With little choice except to adapt or perish, the mother of Brooklyn’s change was undoubtedly necessity. But it takes a group of people willing to improve upon norms to garner the kind of substantive change Brooklyn has. For Paul Pierce, who already went through the tumults of changing his game for the greater good as a member of the Boston Celtics’ Big Three, it was par for the course.
In this day and age, changing positions from small forward to power forward is just good manners. When Pierce made the switch, though, he wasn’t like most wings, resting their laurels on spacing the floor and praying no one tried to post them up; the Nets' anatomical fabric changed as dramatically as Pierce's game did. In this case, the hyper-competitive alpha sacrificed shot attempts for the inglorious pursuit of team defense.
His offense waned over the course of the regular season, as did his usage rate, but Pierce has been essential to Brooklyn’s defensive resurgence.
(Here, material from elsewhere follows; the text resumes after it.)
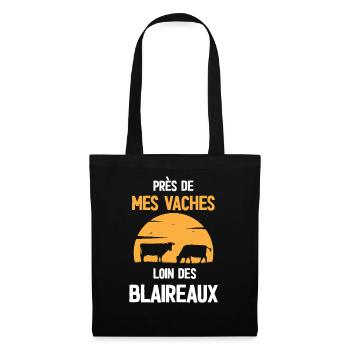 Près des vaches au soleil couchant - Sac en tissu - noir - Devant
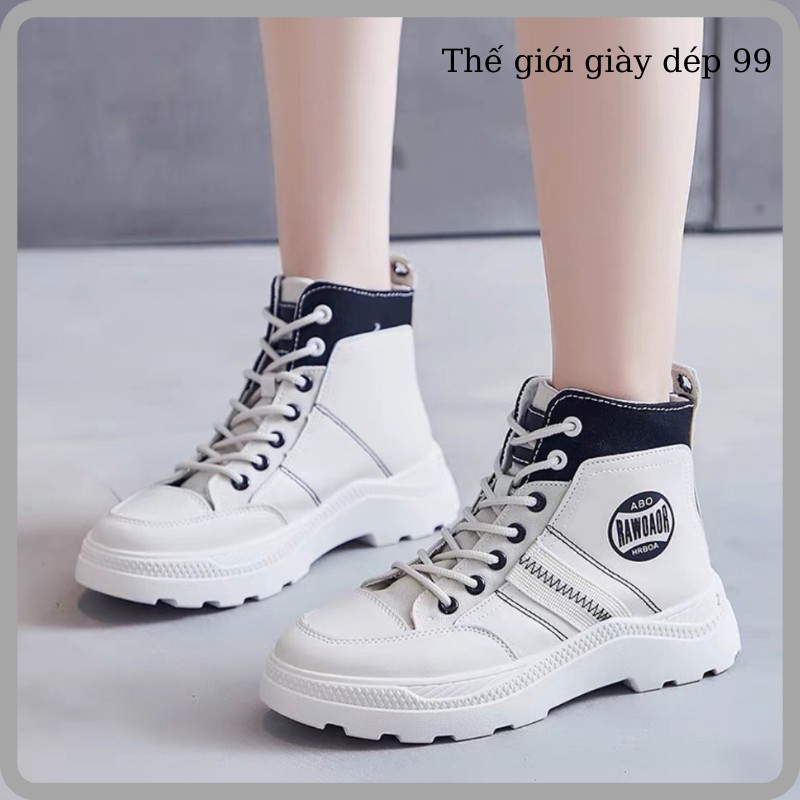 Bốt nữ - giày boots cao cổ nữ cá tính phong cách hàn quốc màu trắng - Xanh dạng bốt đế thấp siêu hot trend năm 2021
The Nets are 7.1 points better defensively when Pierce is on the floor, making him the biggest difference-maker among rotation players.
Pierce’s ability to trap, pressure and recover more effectively than most 4s makes the Nets a lethal defense against nearly any ball-handler. Knowing well that Pierce and Garnett can clean up his botched steal attempts, Livingston and his gaudy wingspan have ample agency to force turnovers. On the other end, the Nets employ three bona fide floor spacers and one long 2 extraordinaire in their starting lineup.
It’s not often that the macho theatrics associated with Pierce’s style are combined with a willingness to change, but Pierce is the rare star who puts substance behind the “whatever it takes to win” mantra. His game has always carried a hint of subdued grandeur, so much so that instead of Pierce chasing a winning reputation, the veneer of victory actually follows him.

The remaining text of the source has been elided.